Впоследствии мысли Симоны Вейль пригодились Милошу для обдумывания собственного выбора, который ему не раз приходилось делать во время войны. О том, что он отказался участвовать в Варшавском восстании, что еще до этого, в 1943 году, пережил «поэтический перелом», заключавшийся в отказе от слов, написанных с большой буквы, отказе от «благородного отечественного мышления», «требований добродетели» и «не вполне своего голоса» (ZPW, 10–11). Основные понятия мышления Милоша о войне — это слова, написанные с маленькой буквы: унижение, равнодушие, молчание. Его интересует реальность повседневности, конкретность деградации; он отвергает возвышенный язык, предпочитая ему ситуативную конкретику. Можно сказать, что во время войны Милош видит Елену, а не абстракцию. Он старается смотреть на насилие — «медузу нашего времени» (Гомбрович) — как Вейль, не отводя взгляд, но и не каменея.
В рассуждениях, содержащихся в этой книге, я занимаю совершенно четкую позицию против насилия. В основе такой позиции, как я писала во Введении, лежат не только рациональные аргументы, но и опыт взросления в обществе, затронутом войной, которая навсегда изменила его состав, психику и окружающий пейзаж. Наверняка имеет значение и тот факт, что я родилась женщиной. В беседах на тему отношения Милоша к восстанию мои коллеги приходили к выводу, что на мою оценку влияет женская точка зрения. Безусловно, женщины могут быть столь же воинственны и кровожадны, как самый кровожадный мужчина.

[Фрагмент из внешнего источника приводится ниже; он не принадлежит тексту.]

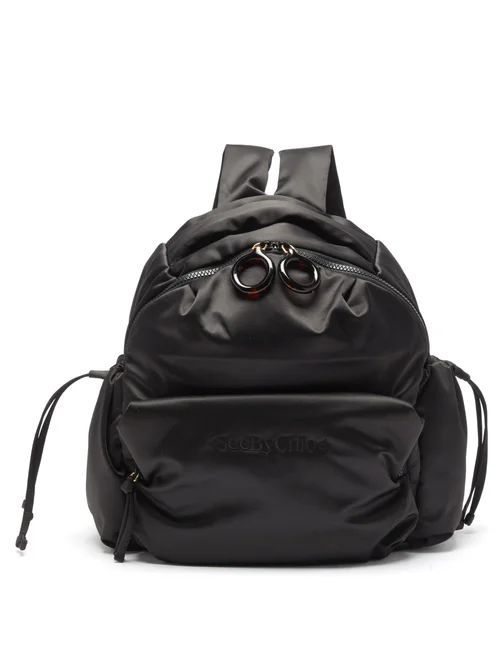 Tilly Logo-embroidered Satin Backpack - Womens - Black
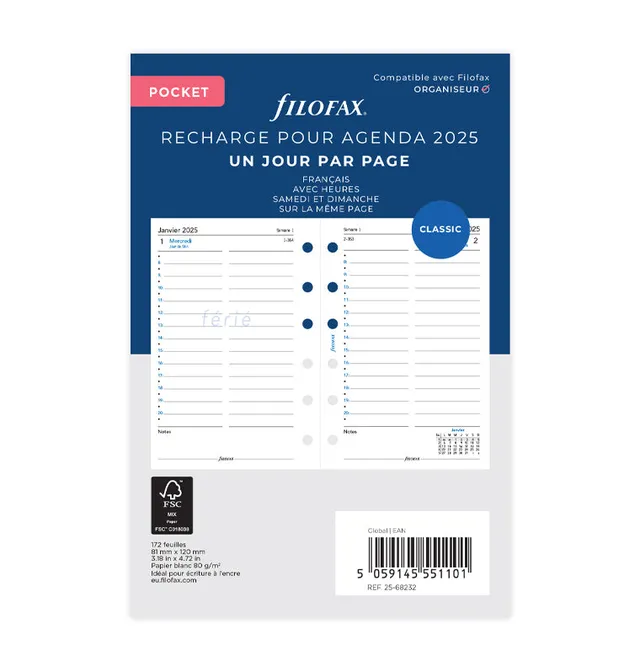 filofax-kalendereinlage-2026-pocket-1-tag-1-seite-franz-sisch-68232 image 1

Я, однако, чувствую солидарность с теми женскими движениями, которые защищают мир. И стараюсь не поддаваться равнодушию к насилию.
В нравственной позиции, в поэзии и прозе Милоша меня привлекает его чувствительность к хрупкости жизни. Как и он, в польской литературе о Второй мировой войне я больше всего ценю стихи «Я строила баррикаду» Анны Свирщинской и «Дневник Варшавского восстания» Мирона Бялошевского. Мне близка традиция женской антивоенной поэзии. Поэтому я не хочу завершать эту книгу холодным взглядом Медузы, которая, если верить Овидию, стала в наказа-ние чудовищем, хотя и была жертвой насилия. Здесь больше подходит довоенное стихотворение «Предназначения» сегодня уже почти легендарной, убитой войной Зузанны Гинчанки. Оно прекрасно подчеркивает контраст между эстетизацией войны и невзрачностью, слабостью «женской песни». Но — хочется верить — еще и силу, таящуюся в этой слабости.
Ратный труд славя стихом, пробитым цезурой уместной,
ненависть мужа к мужу — рифмой мужской, тоном резким,
юноши, чьи икры — кремень — кожей обтянуты тесной,
в клацанье наколенников шли с оружья разящим блеском.
Эйфорбос ранил Патрокла, — Гектор добил его просто.
Гектора — Ахиллес копьем поразил проворно.
Славьте ж топор и дубину, храбрый меч обоюдоострый,
Танцевальную ловкость удара, силу, что так упорна.
Ваше дело судить и солдатской строфой порочить
Ненависть мужа к мужу, приговором пенье вменяя,
А мне — с пламенной страстью в кувшины
горячие ночи цедить звонкий мед
женской песни — иная она, иная[147].